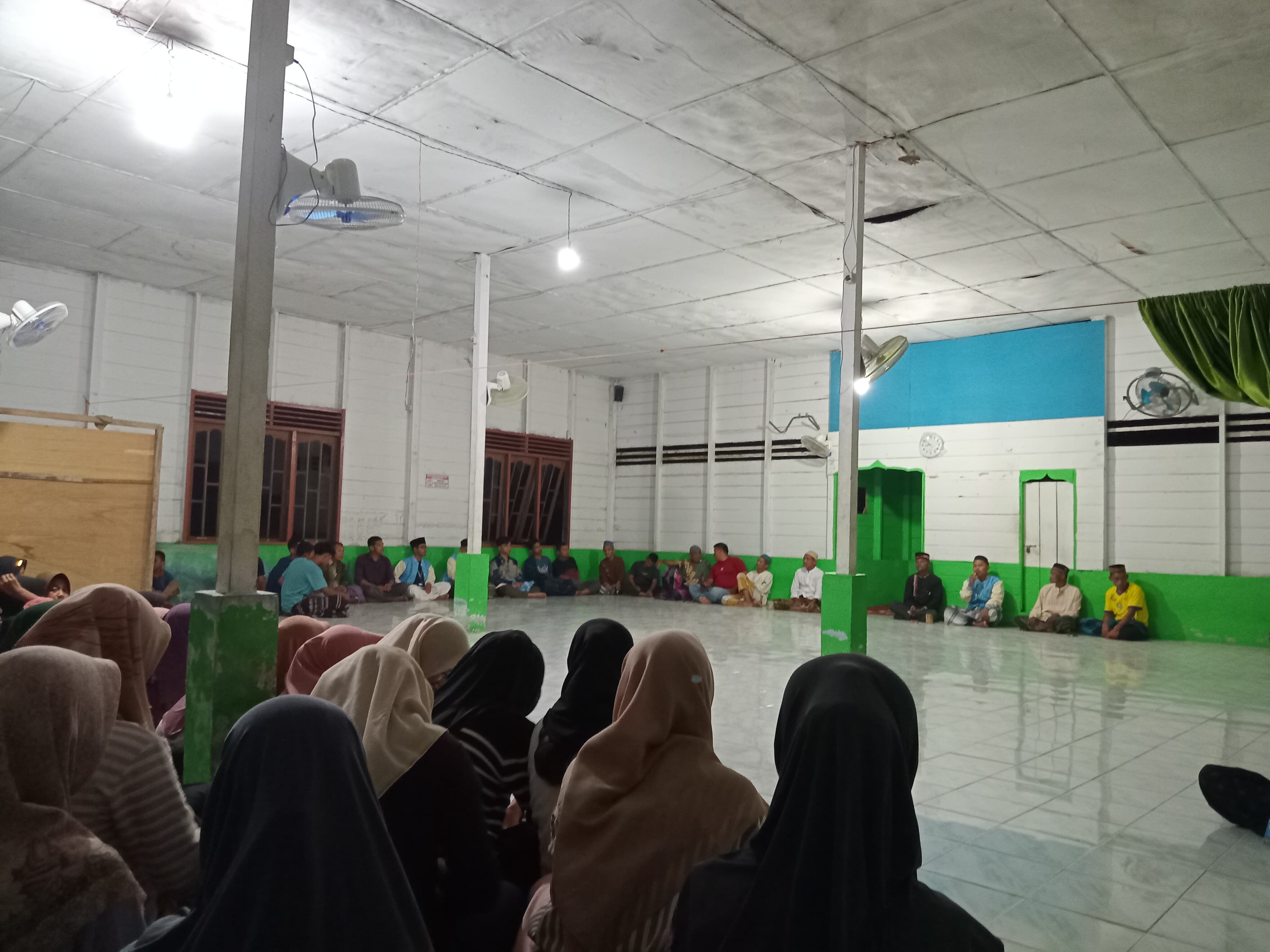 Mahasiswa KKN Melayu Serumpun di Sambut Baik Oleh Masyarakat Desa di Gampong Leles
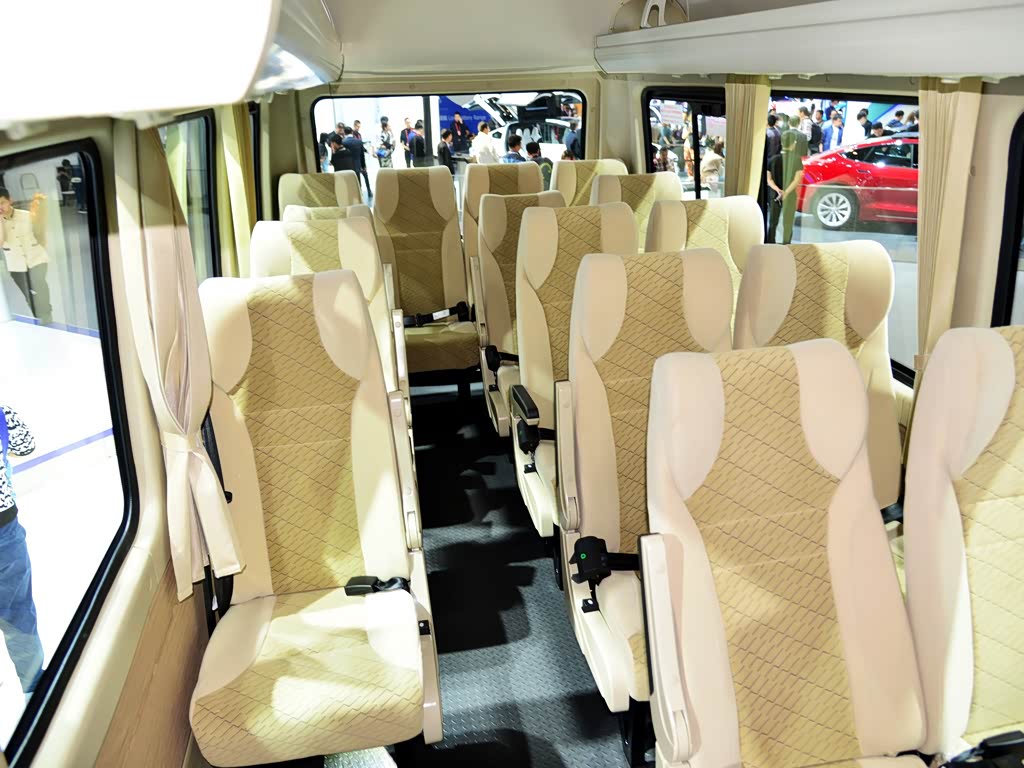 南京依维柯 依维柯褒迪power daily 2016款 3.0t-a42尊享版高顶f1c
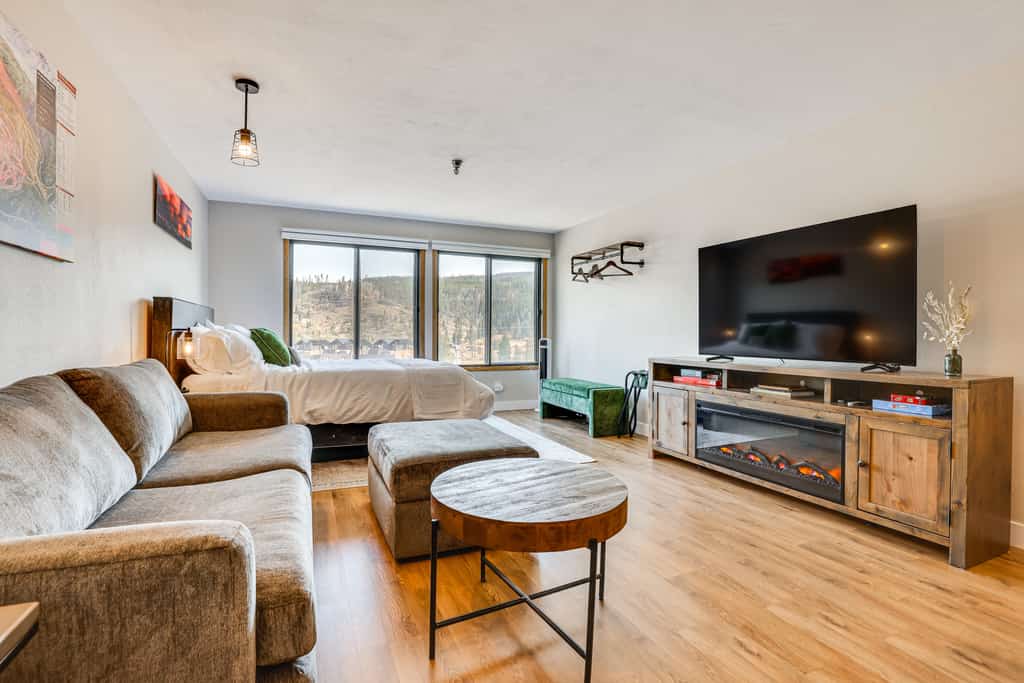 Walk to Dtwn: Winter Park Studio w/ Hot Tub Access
---------------
About this exercise = Copy out the listing above exactly, and keep the pictures out of it.

Answer to the problem =
 Mahasiswa KKN Melayu Serumpun di Sambut Baik Oleh Masyarakat Desa di Gampong Leles
 南京依维柯 依维柯褒迪power daily 2016款 3.0t-a42尊享版高顶f1c
 Walk to Dtwn: Winter Park Studio w/ Hot Tub Access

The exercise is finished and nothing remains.